Il ruolo del fotografo si è ampliato a dismisura nei nostri tempi di “dittatura dell’immagine” dove le domande nei confronti del fotografo d’arte sono divenute più esigenti spingendolo a ricercare strade sempre nuove per dare quel di più che non sia solo la perfezione tecnica o la bellezza di uno scatto oggi accessibili a tanti grazie alla diffusione della tecnica digitale.
Nel corso della sua lunga carriera da professionista, Paolo Aldi ha attraversato quasi tutti i settori a disposizione di un fotografo, accumulando, grazie anche alla collaborazione della moglie Lia, grande esperta nella stampa tradizionale e digitale, un bagaglio di conoscenze tecniche, culturali ed estetiche uniche. Egli ha via via indirizzato i suoi interessi verso una creatività svincolata dai limiti imposti dalle esigenze del mercato e caratterizzata dalla massima sperimentazione. Raffinato cultore sia della storia che della tecnologia fotografiche, si è cimentato in una ricerca a 360 gradi sempre più approfondita, ad esempio trattando le stampe con l’encausto in una contaminazione tra antico e moderno alla riscoperta di una profondità e luminosità dell’immagine ormai dimenticate.
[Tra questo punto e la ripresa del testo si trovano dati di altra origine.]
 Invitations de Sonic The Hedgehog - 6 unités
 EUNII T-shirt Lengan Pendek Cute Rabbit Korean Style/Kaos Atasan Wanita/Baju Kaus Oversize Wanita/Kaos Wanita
Questa sua passione per la storia, sia della fotografia sia tout court, si ritrova nelle molte serie prodotte nel corso degli anni, ognuna con una propria motivazione concettuale e fondate oltre che sull’esito formale finale, sull’ideazione di temi e metodologie dotate di una propria autonomia culturale o sociale. Come appunto il grande ciclo “Bellum” che affronta e documenta analiticamente gli sconvolgimenti psicologici, fisici e somatici di un’umanità sottoposta a una violenza priva di senso. Oppure cercando di riprodurre con la fotografia la sensazione di un dinamismo cinematografico attraverso la visione alterata e sfocata delle figure che si muovono nello spazio. Paolo, della fotografia ama tutto, non si accontenta della bella immagine, vuole tornare alle origini per afferrare il senso e il valore dirompente della “scatola magica”, ripercorrendo e reinventando con l’occhio moderno i grandi generi classici magari coniugandoli o contaminandoli con tante altre discipline artistiche o umanistiche. In fondo, un ritorno agli albori della fotografia quando, durante lo sviluppo, in un’atmosfera di grande suspence, come per magia nell’acido appariva l’immagine.